Felix first started experimenting with growing crystals on 3D prints in 2017. Now a few years later he makes final products with them that you can buy. The lamps are beautiful and feel like a cave like structure when you touch them. They diffuse the light in a very natural way as well. I really wonder if there are not many industrial applications for this or similar processes. The combination of unique geometries with crystal materials could be a very exciting one. Growing jewelry would be a very nice application and I could also see how a kit like this could be a very immersive experience of growing your own jewelry in your house. Let’s start now honey so we have something for our first anniversary.

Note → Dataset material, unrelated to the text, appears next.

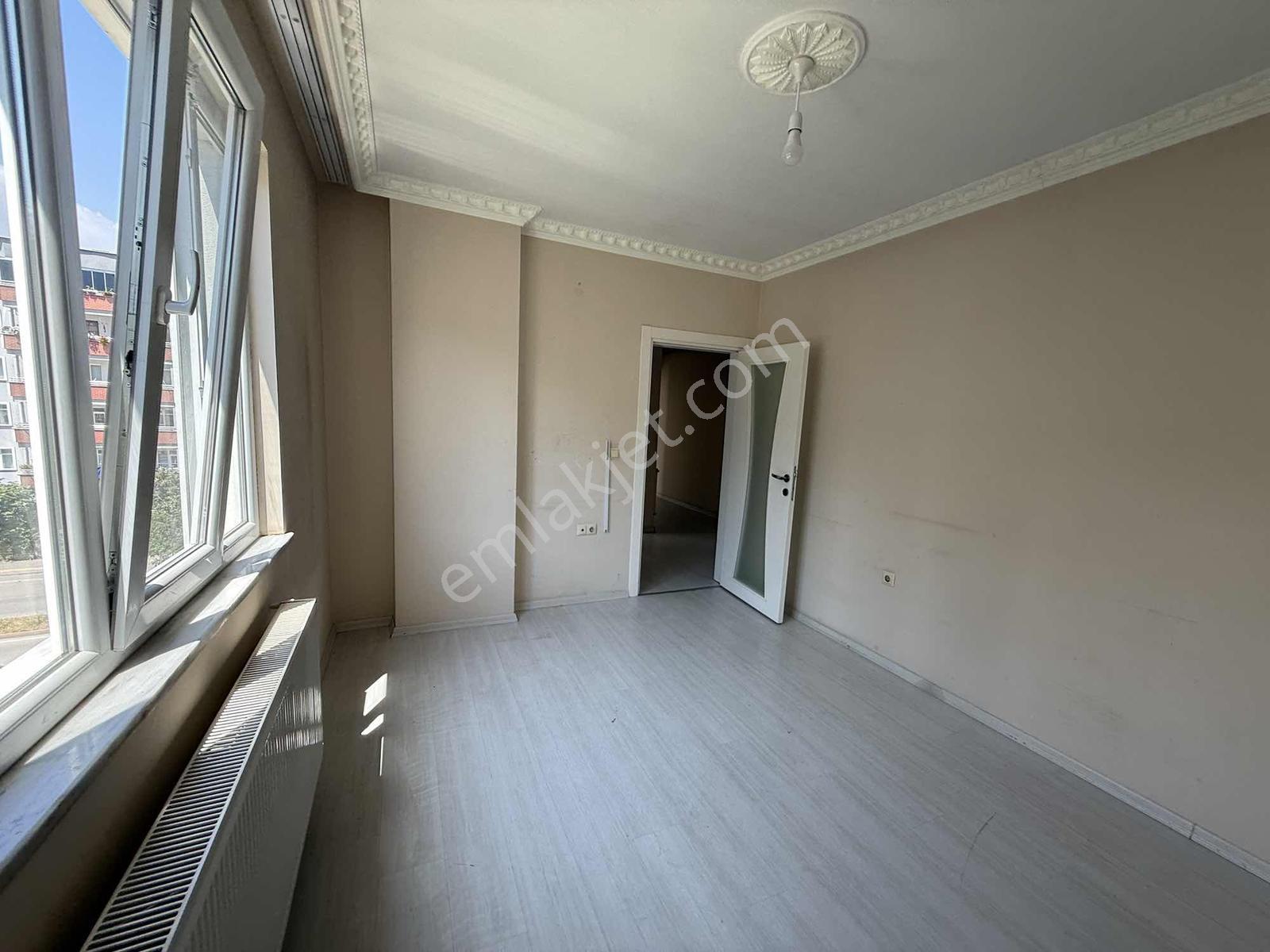 Tekkeköy 19 Mayıs Mahallesinde Kiralık 2+0 Merkezi Konum Daire - Görsel 20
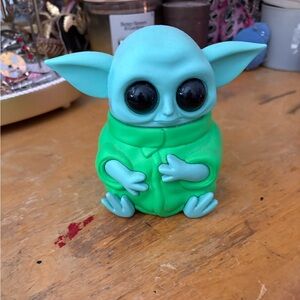 Custom made Star Wars Grogu grinder. It also has a keef catcher. 1 of 1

And you could apply this technique to just about any furniture or decorative item generally. In industry synthetic quartz and emeralds crystals are already made in autoclaves. Rather than needing to machine the crystals it would be interesting to know if end-use products could emerge if the crystal growth could be stimulated and controlled via the geometry of the frame. Could frame geometry create crystals with new properties that could be applied to new areas? Could this be used to grow semiconducting crystals in some kind of advantageous way? What if we made the frames out of an easy to dissolve material that we could remove, what would be possible then? Are there possible applications in things like optics? Could we use this to make inexpensive piezoelectric crystals? All in all a very interesting project that gives us plenty to think about.